Selain isu kekerasan aparat, massa aksi juga menyoroti persoalan tambang ilegal di Kabupaten Kukar. Berdasarkan data yang dirilis Jaringan Advokasi Tambang (JATAM), disebutkan terdapat sekitar 120 titik tambang ilegal yang hingga kini masih beroperasi.

Baca Juga :  Pemkab Kukar Hadiri Rakor Administrasi Pembangunan se-Kaltim

“Bukan hanya itu, kami juga menyorot terkait dengan isu-isu kedaerahan, salah satunya tambang ilegal, berdasarkan data yang dikeluarkan JATAM ada sekitar 120 titik tambang ilegal yang hari ini masih beroperasi,” tegasnya.

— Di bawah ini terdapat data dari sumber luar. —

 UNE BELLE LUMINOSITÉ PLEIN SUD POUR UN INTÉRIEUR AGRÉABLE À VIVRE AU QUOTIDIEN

Ia juga mengungkapkan bahwa persoalan lubang tambang di Kukar menjadi perhatian serius. Dalam sebuah seminar yang dihadirinya, seorang anggota DPRD Kukar menyebut terdapat lebih dari seribu lubang tambang, baik legal maupun ilegal, yang masih menganga di wilayah Kabupaten Kukar.

Mahasiswa menilai kondisi tersebut berpotensi membahayakan masyarakat serta menunjukkan lemahnya pengawasan terhadap aktivitas pertambangan. Karena itu, mereka mendesak aparat penegak hukum untuk bertindak tegas dan transparan.

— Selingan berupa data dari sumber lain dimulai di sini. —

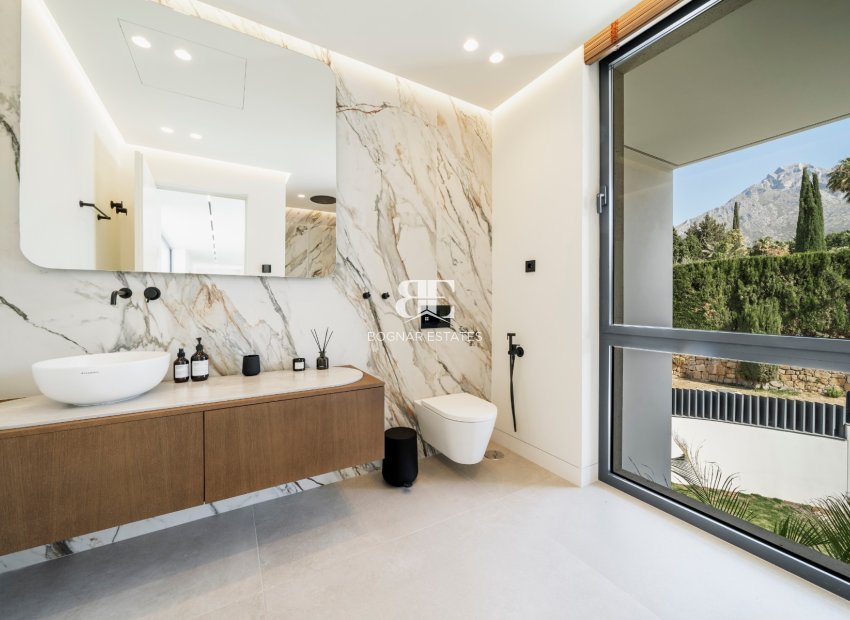 Resale - Villa -
Marbella - Nagueles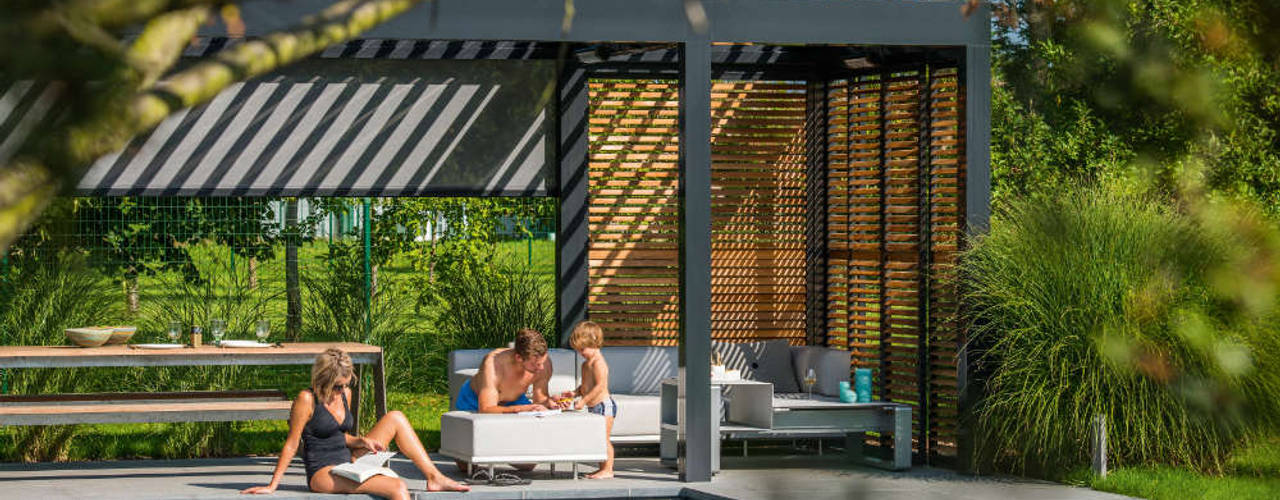 Outdoor Living Trends 2020, SPA Deluxe GmbH - Whirlpools in Senden SPA Deluxe GmbH - Whirlpools in Senden Modern balcony, veranda & terrace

Baca Juga :  Polres Kukar Kerahkan 220 Personel Amankan Debat Publik PSU Pilkada Pasca Putusan MK

Dalam aksi tersebut, BEM Unikarta sebenarnya menargetkan adanya dialog langsung dengan Kapolres Kutai Kartanegara. Namun, rencana itu tidak terealisasi karena Kapolres disebut berhalangan hadir. Hal ini memicu kekecewaan di kalangan mahasiswa.

“Tentu kami merasakan sangat kecewa terkait dengan aksi hari ini karena memang goals kami berdasarkan hasil konsolidasi seharusnya kami berdialog, berdiskusi secara langsung bersama Kapolres Kukar,” ungkapnya.

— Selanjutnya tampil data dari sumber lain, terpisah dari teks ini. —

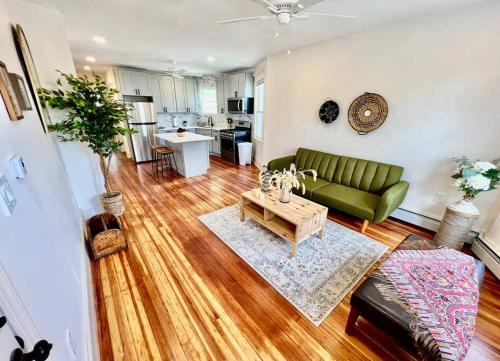 Modern Apartment - 3 Bedrooms, 2 Bathrooms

Ia menegaskan bahwa ketiadaan pimpinan kepolisian dalam dialog tersebut menjadi catatan serius bagi mahasiswa. BEM Unikarta pun memperingatkan akan menggelar aksi lanjutan dengan massa yang lebih besar jika tuntutan mereka tidak direspons secara terbuka.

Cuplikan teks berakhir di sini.